日本を支える人材について考える
2008/08/04記
 日本の少子化による労働人口の減少を受けて、看護士等を中心に海外から多くの技術者を招こうという機運が高まりつつある。
 労働力だけでなく、世界中から優秀な学生を日本に集め、そのまま国内で就職して貰ったり起業してもらううことで国の活力を維持しようと言う意見も聞こえる。アメリカの先端産業の成功は中国やインドなどからの技術者流入によって成り立っていることが大きな根拠であるようだ。
 
 憧れのハワイ航路の時代から考えれば、極めて容易に国境を越えられる時代になる中で、労働市場を閉鎖し続けることが困難になっていることは容易に理解できるし、異なる考え方との接触は摩擦も生むが新たな発展のチャンスにも成る。周りを見れば国際結婚も珍しい物では無くなっているし、海外赴任歴のある人達も大勢居て、国際化は順調に進んでいることが解る。
 群馬県太田市や静岡県浜松市等では日本国籍を所有するブラジル人が大勢働いているし、北海道倶知安町では不動産市場がオーストラリア人の購買力で支えられている。羽田空港が国際化する中では地理的条件を生かして木更津が海外からの土地需要を満たす立場になるべきだというのは私の持論でもある。
 
 しかし、その一方で考えるのは海外から優秀な頭脳を求めることより、国内に眠る修学機会を失われた人材をどうにか出来ないかという事である。
 具体的には近年の物価高と所得減少で、大学の定員にゆとりが有りながら進学を断念する人達に、もっと機会を与えられないだろうかと思うのである。
 
 私が大学に入った昭和57年は、既に26年も前の話になってしまったが、国立大学の入学金は10万円、授業料は年間21万6千円であった。留年していた先輩は年間14万4千円しか払っていなかった。さらに生活費も地方都市であったので、例えば家賃は1万円強が中心で、月3万円の小綺麗なアパートに住んでいたら金持ち扱いされた物である。ちなみに私の部屋は築80年を越えた日露戦争前の住宅で家賃は1万3千円であった。
 そのような金額だったので、バイトだけで生活費から授業料まで全てを賄う友人も居たし、学生の間ではご飯に大根の葉を炒めたおかずだけのような貧困生活は当然であった。先輩から5万円の中古車を5回分割で購入することなどは不思議でもなかった。
 
 先日、国立大学に子供を進学させた知人と話していて、現在入学金は28万円、授業料は年間53万円を超えてると聞き、その間の変化を考えさせられた。たしか当時ではバイトの時給も600円程度は貰っていた気がするが、現在では900円程度であろう。バイトだけで卒業するような学生は居るのだろうか。
 気になってここ30年間の変化を調べてみると入学金と授業料の推移は下図のようになった。
 昭和57年(1982年)と比べると、入学金も授業料も著しく増加していることが解る。
 
 確かに私立大学に比べ国立大学は未だに安い金額であると思うし、特に学部間での差を付けていないため理工学系統では相対的にはかなりの得になっている事は解る。さらに団塊jrの世代に合わせ定員を増加させてきている上に、独立法人化で採算性を求められれば値上がりもやむを得ないことであろう。

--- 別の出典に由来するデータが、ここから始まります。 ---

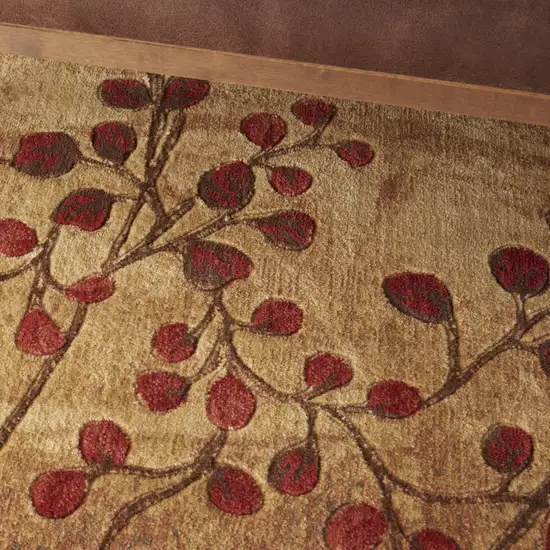 Brown Floral Power Loom Area Rug Photo 9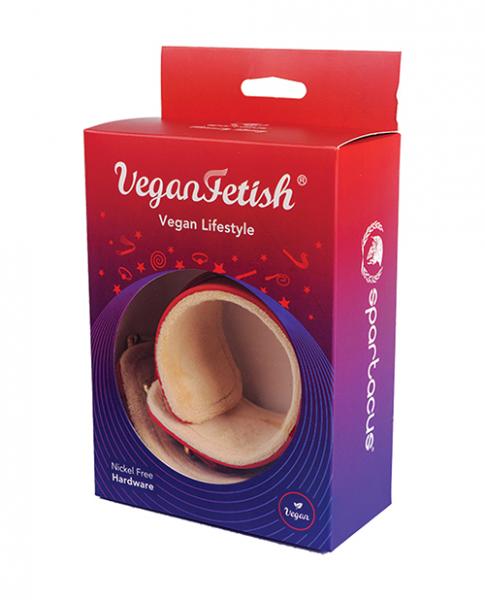 Spartacus Red Pu Wrist Cuffs With Plush Lining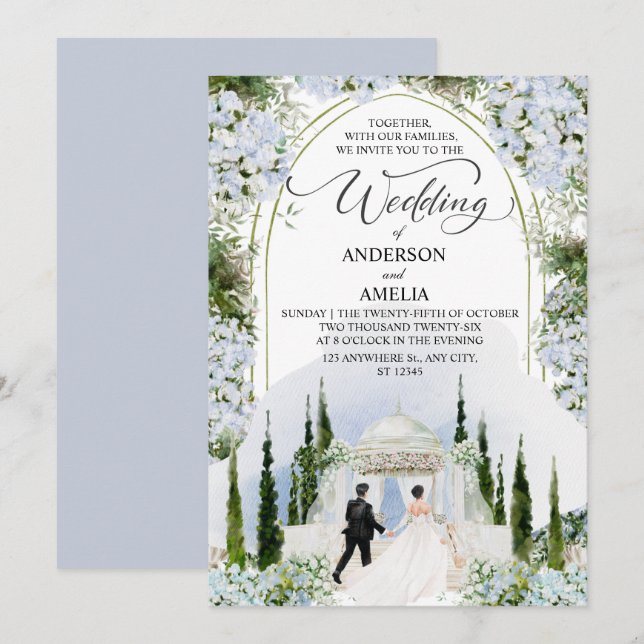 Elegant Blue Hydrangea Garden Wedding Watercolor  Invitation (Front/Back)
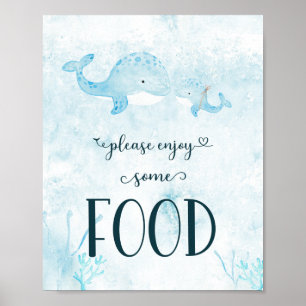 Póster Ahoy It's a Boy Nautical Baby Shower Food Sign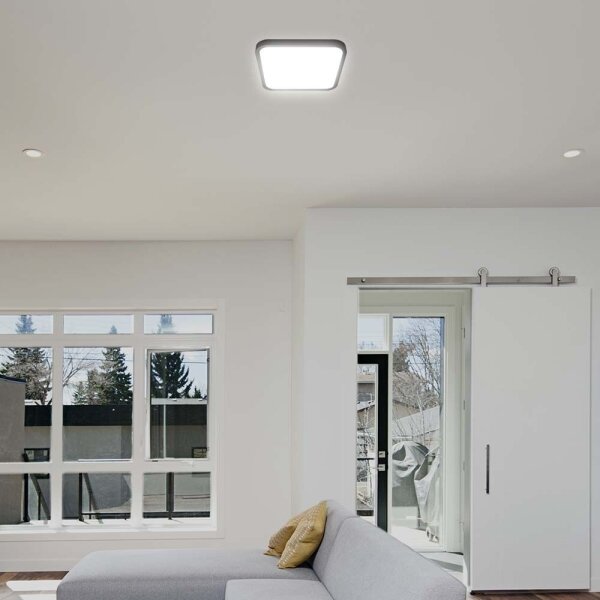 LED Плафон за баня LED/18W/230V 4000K IP44 25x25 см черен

 あまり安価に設定することは国立大の学生だけ利便を与えることになり公平でないとか、その投入した税金が結果として就職先の企業の役に立つだけという反対論も聞く。さらには海外で就職した場合は税金が有効に利用されないという意見すら有る。しかし、その考え方は、優秀な人材を国策として育てるという視点が抜けているのではないかと思うのである。
 
 一方では学生側にも知的水準の低下とか、意欲の減少などが報告され、少数精鋭主義にするべきではないかという意見もある。私も全ての国立大学を安くする必要はないと思うが、ごく一部の学校では学生生活が公的に支えられるべきと考える。現在そのような学校は防衛大以外に思いつく物がない。
 
 医師不足に悩む地方では、地元に帰ってくることを条件に、医学部へ進む学生への奨励制度を設けているケースが有ると聞く。優秀な人材を育てる事まで地方自治体の責務になって、その結果として地域間格差が生まれる時代というのが来ているのかも知れない。
 まるで江戸時代に藩の期待を背負って都へ旅立たせたような、時代錯誤を覚えながら将来を心配していた。